La Scala Renovation Passes One-Year, Picks Up More Protests

Restoration of the La Scala opera house has now been going on a year. The anniversary has been marked with court challenges, filed by preservationists arguing that “the new designs were ugly and the contracting for the work was flawed.” The city briefly opened the building to allay fears, and city officials defended the project against court challenges.

LA Opera – Pulling Into The Passing Lane

It’s been a rough year for the Los Angeles Opera. But the company has announced a bold next season, and seems to be moving into the passing lane. Mark Swed suggests the company is on the road to becoming a major force in American opera. “Five years ago, no operaphile would think to mention Los Angeles in the same breath as San Francisco and Chicago, American’s second and third opera cities, after New York. But compared with San Francisco Opera’s upcoming 81st season and Lyric Opera’s 49th season, our 17-year-old company looks to become not only their artistic equal next season, but perhaps even a leader.”
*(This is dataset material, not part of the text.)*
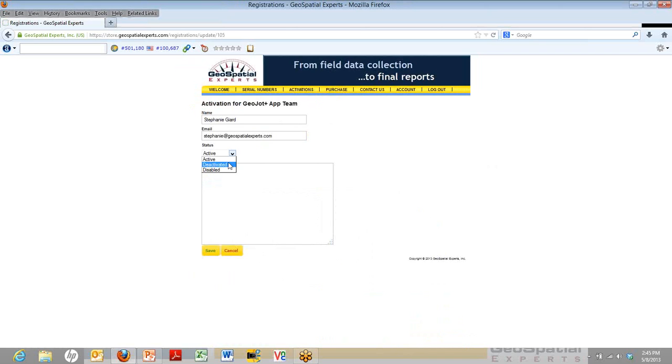If she wants to use it again on her device, all she needs to do is click the Activate button from the mobile device, and she'll be good to go. So this makes it really easy to share the activations across different devices and different staff at different times, and it can all be managed from the administrator's dashboard.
Did HG Wells Plagiarize From Toronto Woman?

Did HG Wells plagiarize his “The Outline of History,” published in 1920, from a 50-year-old Toronto woman named Florence Deeks? Deeks spent a good part of the the middle and later part of her life trying to prove that Wells had based his work on a manuscript she had sent to Macmillan publishers in 1914. A new book takes up her case in an attempt to win justice…

Philosophy Through Story?

A documentary on philosopher Jacques Derrida poses more questions than it answers. Can you learn about a philosopher’s ideas by telling his life story? “How much can be learned of the life of the mind from the life of a great mind? What can a narrative approach, whether in film or in writing, tell us about the seemingly timeless world of concepts and constructs? Derrida notes that he is constitutionally incapable of telling stories, and so he tells none.”

Missouri To Discontinue Arts Funding?

Missouri Gov. Bob Holden’s proposes to eliminate funding for the state arts council, which “distributed as much as $5 million in the flush year 2001 to organizations as varied as the St. Louis Symphony Orchestra to the family folk festival in St. Joseph, Mo. Holden proposes that the council pay for arts programs by dipping into the Missouri Cultural Trust, a state savings account that matches private donations with public money.”
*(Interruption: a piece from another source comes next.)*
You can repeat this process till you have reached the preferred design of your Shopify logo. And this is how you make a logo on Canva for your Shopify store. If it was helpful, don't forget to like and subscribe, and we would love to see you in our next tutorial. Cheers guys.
Starving Scotland’s Culture

There’s a cultural crisis in Scotland. Funding for culture is down, and there seems to be little commitment on the part of the government to make culture a priority. “The Executive responds by arguing that it needs to concentrate on health and education. The urge to fund anything cultural has been sapped by the overspend on the parliament building, heralding in an almost Covenanter-like distrust of frivolity.” Scottish arts are healthy now. But does the Scottish Executive plan to “starve Scotland back into the cultural night that preceded the Act of Union – and what an irony that would be.”